The example sends a POST request. The data is specified with the fields option.

$ ./post_request.py
{
"args": {},
"data": "",
"files": {},
"form": {
"name": "John Doe"
},
...
"url": "https://httpbin.org/post"
}

This is the output.

Python urllib3 send JSON

In requests, such as POST or PUT, the client tells the server what type of data is actually sent with
the Content-Type header.

send_json.py
#!/usr/bin/env python3

import urllib3
import certifi
import json

http = urllib3.PoolManager(ca_certs=certifi.where())

payload = {'name': 'John Doe'}

encoded_data = json.dumps(payload).encode('utf-8')

resp = http.request(
'POST',
'https://httpbin.org/post',
body=encoded_data,
headers={'Content-Type': 'application/json'})

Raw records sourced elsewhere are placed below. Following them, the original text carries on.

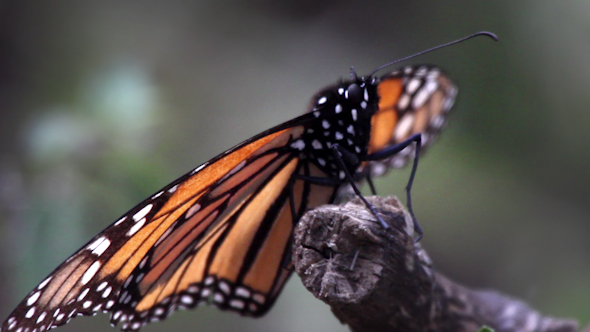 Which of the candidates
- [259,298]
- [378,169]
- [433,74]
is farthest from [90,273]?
[433,74]

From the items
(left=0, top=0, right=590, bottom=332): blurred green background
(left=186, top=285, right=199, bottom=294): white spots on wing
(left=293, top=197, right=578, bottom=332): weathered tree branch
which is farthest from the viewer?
(left=0, top=0, right=590, bottom=332): blurred green background

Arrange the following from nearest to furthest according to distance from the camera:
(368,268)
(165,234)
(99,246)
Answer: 1. (368,268)
2. (99,246)
3. (165,234)

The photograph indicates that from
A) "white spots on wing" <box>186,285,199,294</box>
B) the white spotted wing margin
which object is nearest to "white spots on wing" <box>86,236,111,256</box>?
the white spotted wing margin

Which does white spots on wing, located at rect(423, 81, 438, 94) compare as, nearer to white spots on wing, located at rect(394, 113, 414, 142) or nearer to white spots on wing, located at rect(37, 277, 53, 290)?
white spots on wing, located at rect(394, 113, 414, 142)

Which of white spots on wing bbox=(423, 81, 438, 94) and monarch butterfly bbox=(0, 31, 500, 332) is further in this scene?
white spots on wing bbox=(423, 81, 438, 94)

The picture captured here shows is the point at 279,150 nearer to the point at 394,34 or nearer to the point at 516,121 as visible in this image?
the point at 516,121

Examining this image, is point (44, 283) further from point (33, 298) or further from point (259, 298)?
point (259, 298) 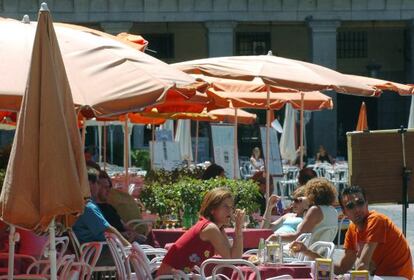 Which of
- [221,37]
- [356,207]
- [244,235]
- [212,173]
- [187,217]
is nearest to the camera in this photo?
[356,207]

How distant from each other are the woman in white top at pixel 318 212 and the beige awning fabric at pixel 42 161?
4230mm

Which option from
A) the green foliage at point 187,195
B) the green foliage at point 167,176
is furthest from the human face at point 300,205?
the green foliage at point 167,176

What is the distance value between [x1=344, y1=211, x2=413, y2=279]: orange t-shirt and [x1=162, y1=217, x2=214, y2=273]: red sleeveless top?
1253mm

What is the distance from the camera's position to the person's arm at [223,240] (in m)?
9.63

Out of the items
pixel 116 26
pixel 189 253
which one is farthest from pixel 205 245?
pixel 116 26

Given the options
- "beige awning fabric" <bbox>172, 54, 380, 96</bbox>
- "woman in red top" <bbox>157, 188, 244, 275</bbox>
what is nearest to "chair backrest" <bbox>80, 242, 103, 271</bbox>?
"woman in red top" <bbox>157, 188, 244, 275</bbox>

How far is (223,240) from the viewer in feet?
31.9

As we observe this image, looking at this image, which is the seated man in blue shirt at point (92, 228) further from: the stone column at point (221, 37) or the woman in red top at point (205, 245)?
the stone column at point (221, 37)

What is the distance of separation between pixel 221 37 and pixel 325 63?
3870 millimetres

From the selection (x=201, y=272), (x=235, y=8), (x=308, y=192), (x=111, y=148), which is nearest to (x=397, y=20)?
(x=235, y=8)

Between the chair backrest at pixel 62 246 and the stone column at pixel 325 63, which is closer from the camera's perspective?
the chair backrest at pixel 62 246

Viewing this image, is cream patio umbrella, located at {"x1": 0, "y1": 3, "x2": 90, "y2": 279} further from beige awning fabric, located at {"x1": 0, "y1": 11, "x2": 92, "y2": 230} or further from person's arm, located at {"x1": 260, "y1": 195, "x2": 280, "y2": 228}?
person's arm, located at {"x1": 260, "y1": 195, "x2": 280, "y2": 228}

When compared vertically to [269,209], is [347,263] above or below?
below

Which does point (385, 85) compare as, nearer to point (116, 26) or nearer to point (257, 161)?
point (257, 161) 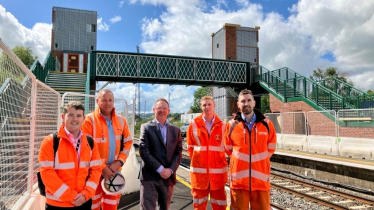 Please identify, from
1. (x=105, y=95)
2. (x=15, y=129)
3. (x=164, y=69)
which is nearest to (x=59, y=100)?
(x=105, y=95)

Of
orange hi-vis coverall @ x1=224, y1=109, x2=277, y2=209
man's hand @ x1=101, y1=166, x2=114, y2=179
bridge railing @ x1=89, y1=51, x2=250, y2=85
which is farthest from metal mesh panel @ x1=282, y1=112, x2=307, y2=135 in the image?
man's hand @ x1=101, y1=166, x2=114, y2=179

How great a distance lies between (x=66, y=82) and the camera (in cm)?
2016

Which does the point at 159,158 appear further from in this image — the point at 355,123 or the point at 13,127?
the point at 355,123

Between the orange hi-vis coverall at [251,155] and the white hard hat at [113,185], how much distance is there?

data = json.loads(resp.data.decode('utf-8'))['json']
print(data)
The example sends JSON data.

payload = {'name': 'John Doe'}

encoded_data = json.dumps(payload).encode('utf-8')

We encode the JSON data into binary format.

resp = http.request(
'POST',
'https://httpbin.org/post',
body=encoded_data,
headers={'Content-Type': 'application/json'})

We specify the Content-Type header in the request.

data = json.loads(resp.data.decode('utf-8'))['json']
print(data)

We decode the returned data back to text and print it to the console.

Python urllib3 binary data

In the following example, we download binary data.

get_binary.py
#!/usr/bin/env python3

import urllib3

http = urllib3.PoolManager()

url = 'http://webcode.me/favicon.ico'
req = http.request('GET', url)
with open('favicon.ico', 'wb') as f:
f.write(req.data)

The example downloads a small icon.

with open('favicon.ico', 'wb') as f:

f.write(req.data)

The req.data is in a binary format, which we can directly write to the disk.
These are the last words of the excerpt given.